Please don't top-post. See:
http://www.caliburn.nl/topposting.html
http://www.cpax.org.uk/prg/writings/topposting.php

C is case-sensitive. "Main" and "main" are two distinct identifiers,
as are "Void" and "void".

In a function declaration, the "(void)" syntax means that the
function has no parameters. It would have made more sense to use
"()" for this, but for historical reasons this special-case syntax
was necessary (empty parentheses already had a different meaning).

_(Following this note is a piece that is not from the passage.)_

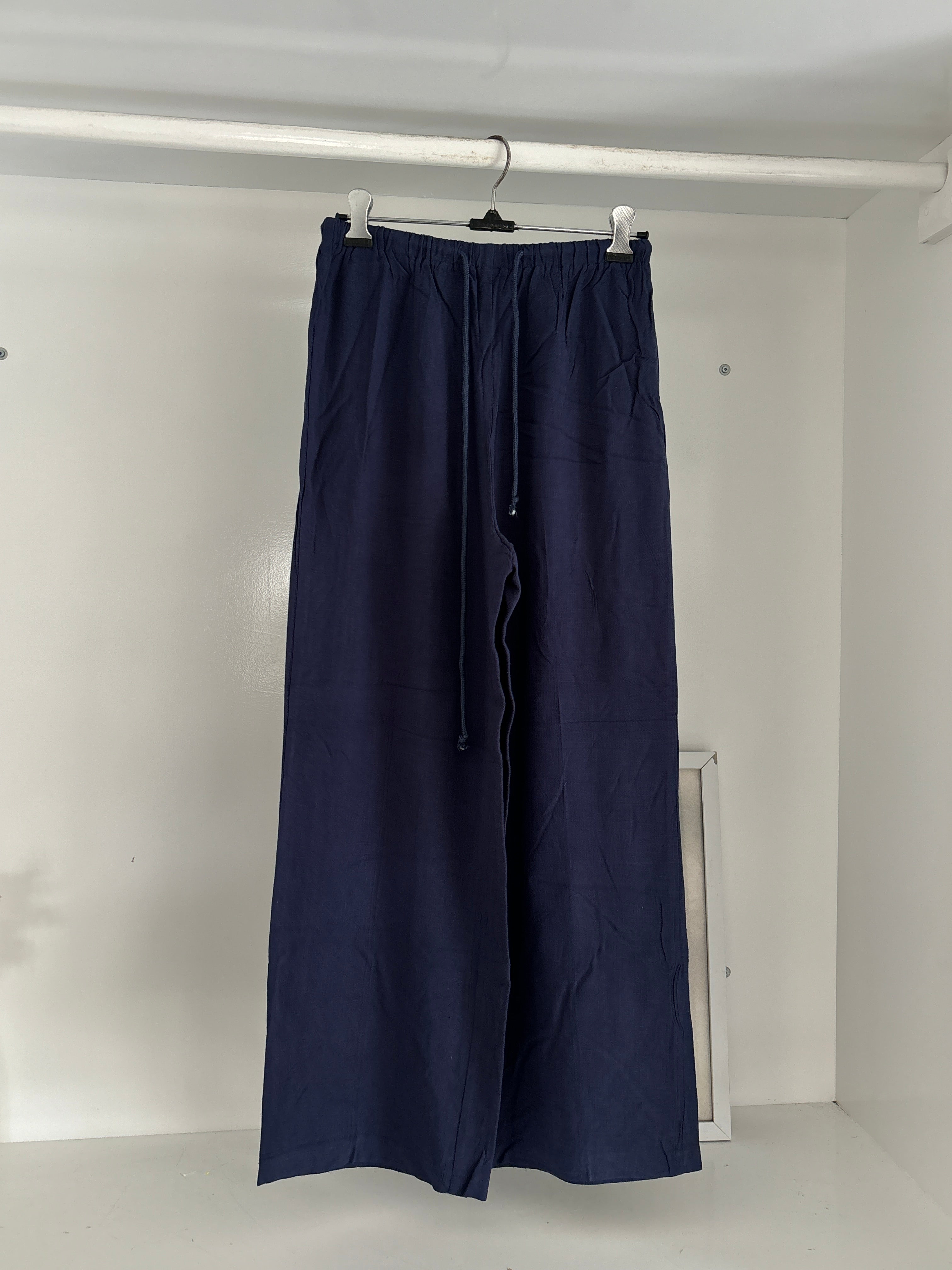 Blue linen trouser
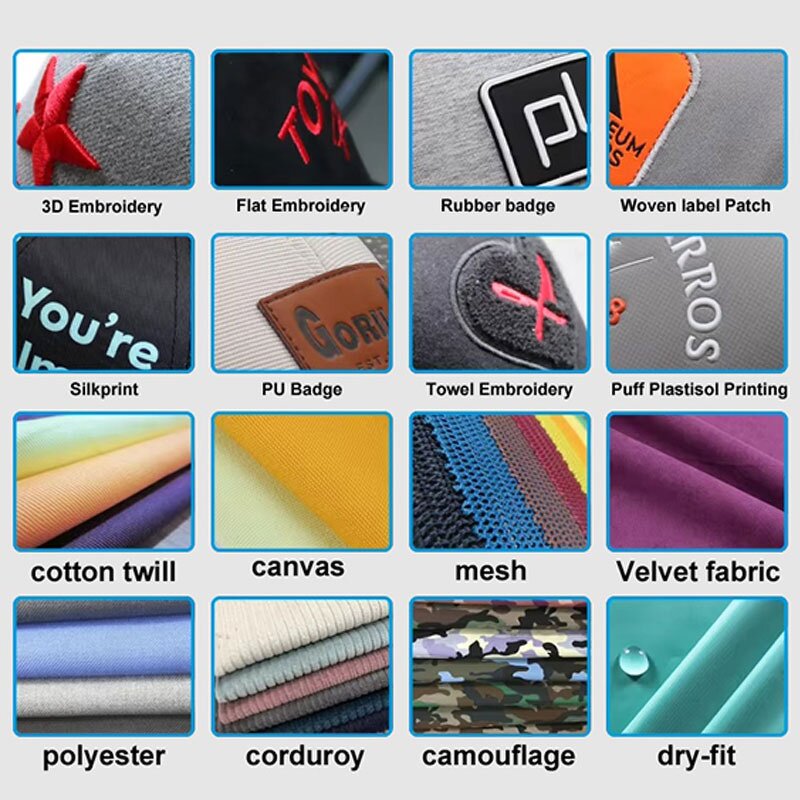 Bucket Hat Factory - Custom Cotton Puffy with Letter Embroidery Unisex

This is a very elementary question. We're here to help (well,
most of us are), but you're not going to have much luck learning
the language by asking one question at a time. I think you'll be
more successful if you use a good book. I recommend Kernighan &
Ritchie's "The C Programming Language", 2nd edition, affectionately
known as K&R2. There are also some good online tutorials (and a
whole lot of really bad ones).

See questions 18.9 and 18.10 of the comp.lang.c FAQ,
<http://www.c-faq.com/>, and follow the links. (The FAQ is an
excellent resource, but not suitable for learning the language
from scratch.)

--
Keith Thompson (The_Other_Keith) http://www.velocityreviews.com/forums/(E-Mail Removed) <http://www.ghoti.net/~kst>
Nokia
"We must do something. This is something. Therefore, we must do this."
-- Antony Jay and Jonathan Lynn, "Yes Minister"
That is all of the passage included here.